## YOUR GOAL
Your answer should be the records, copied exactly, with the pictures removed.

***

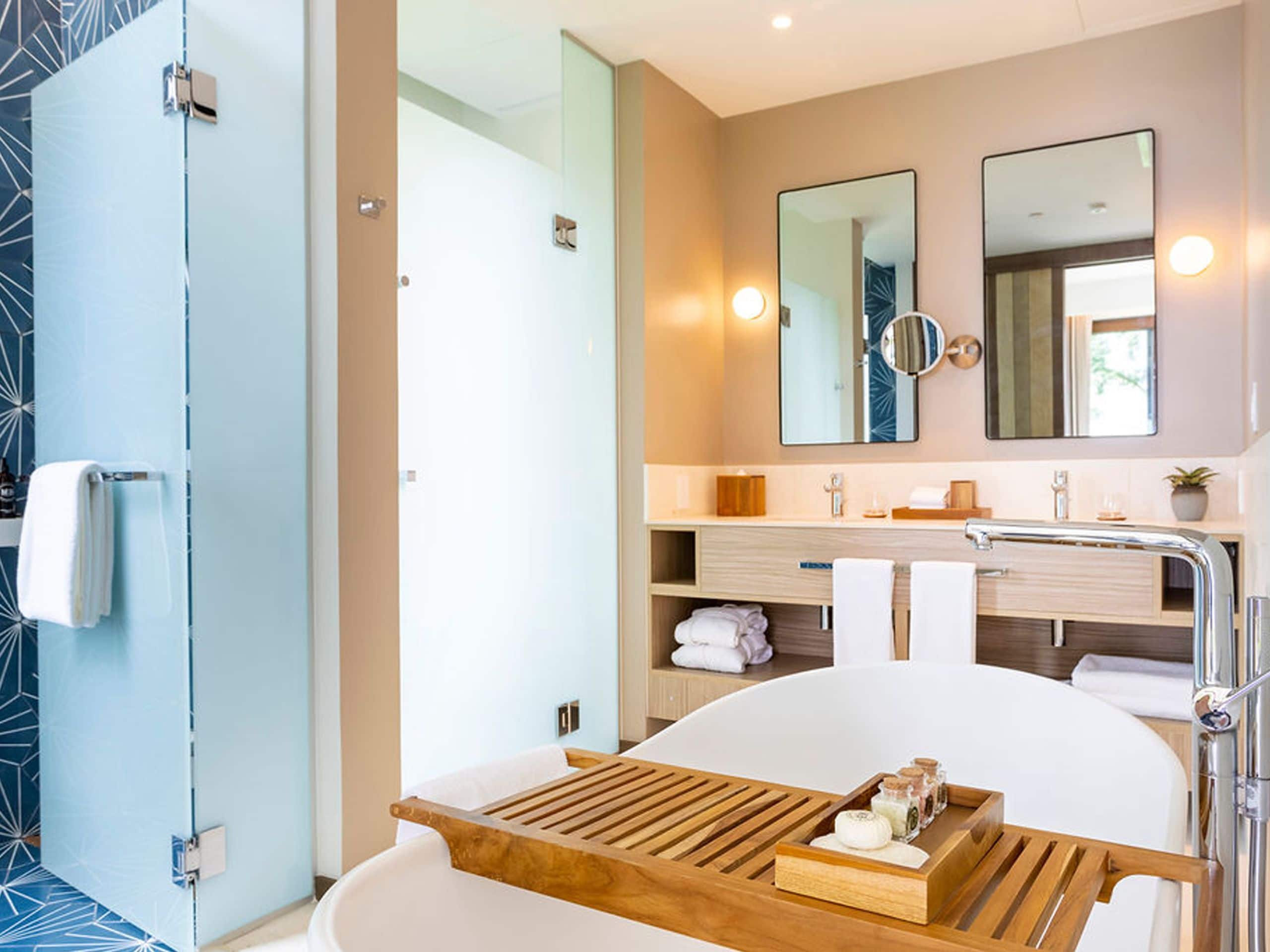 Andaz Peninsula Papagayo Resort, Costa Rica One Bed Villa Bath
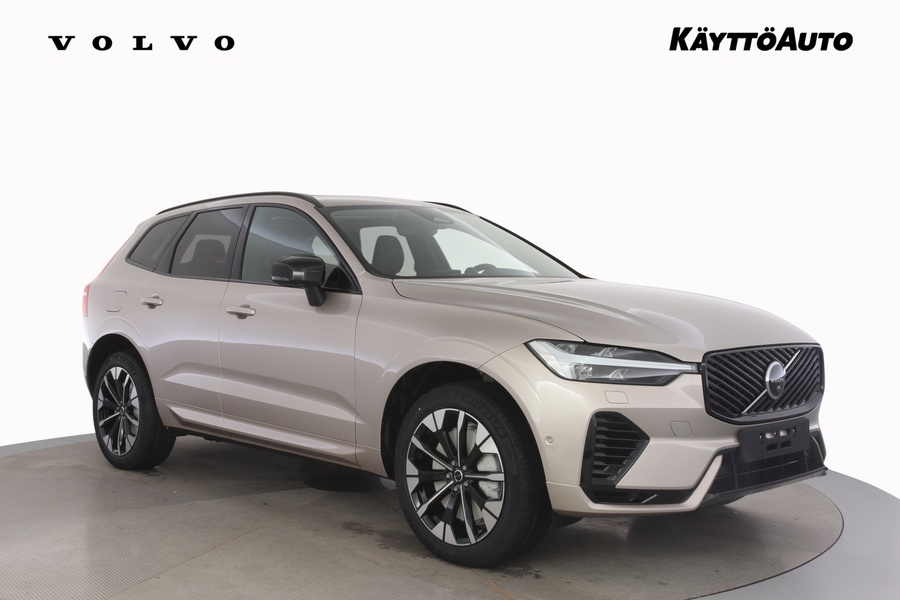 heti ajoon Volvo XC60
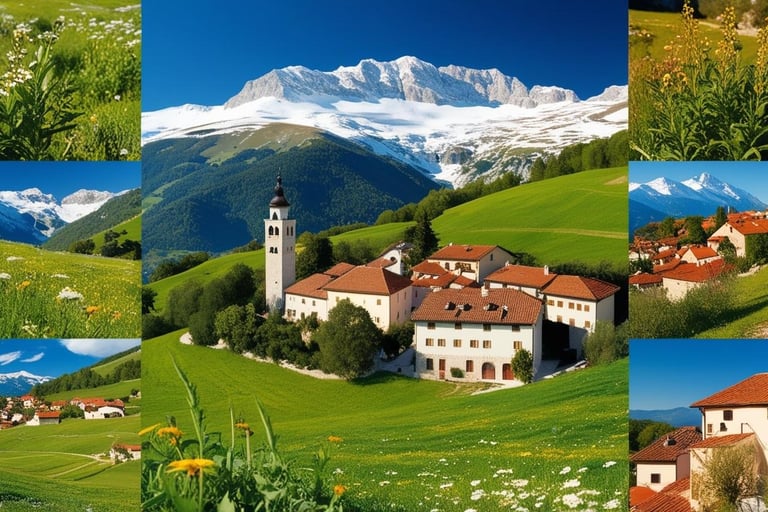 Hidden Gems of Slovenia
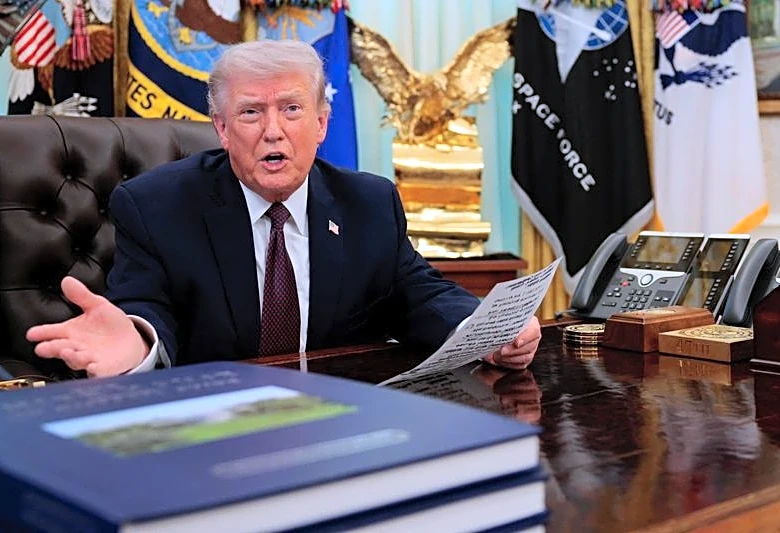 Trump's allies have another way to pay 'weaponization' victims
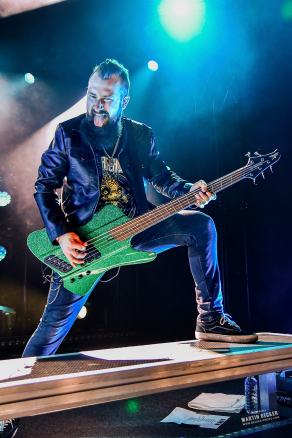 Ad Infinitum live@Tombstoned Fest 2025 #12, Bochumer Eventcenter, November 2025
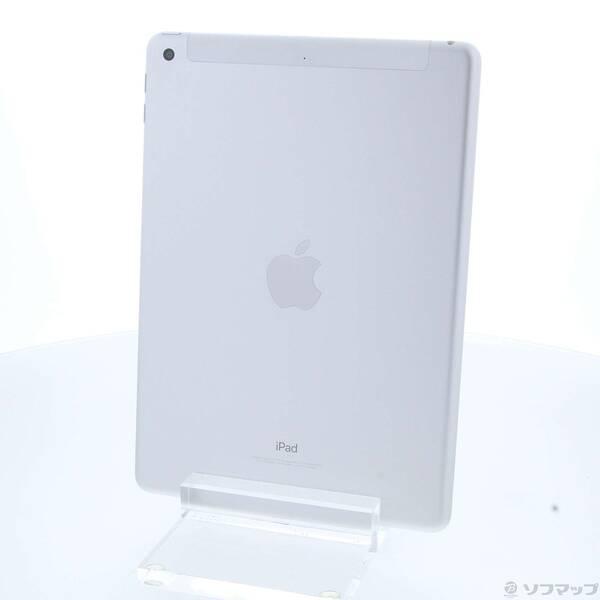 〔中古〕Apple(アップル) iPad 第5世代 128GB シルバー MP272J／A Soft...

***

## SOLUTION FOR THIS EXERCISE
 Andaz Peninsula Papagayo Resort, Costa Rica One Bed Villa Bath
 heti ajoon Volvo XC60
 Hidden Gems of Slovenia
 Trump's allies have another way to pay 'weaponization' victims
 Ad Infinitum live@Tombstoned Fest 2025 #12, Bochumer Eventcenter, November 2025
 〔中古〕Apple(アップル) iPad 第5世代 128GB シルバー MP272J／A Soft...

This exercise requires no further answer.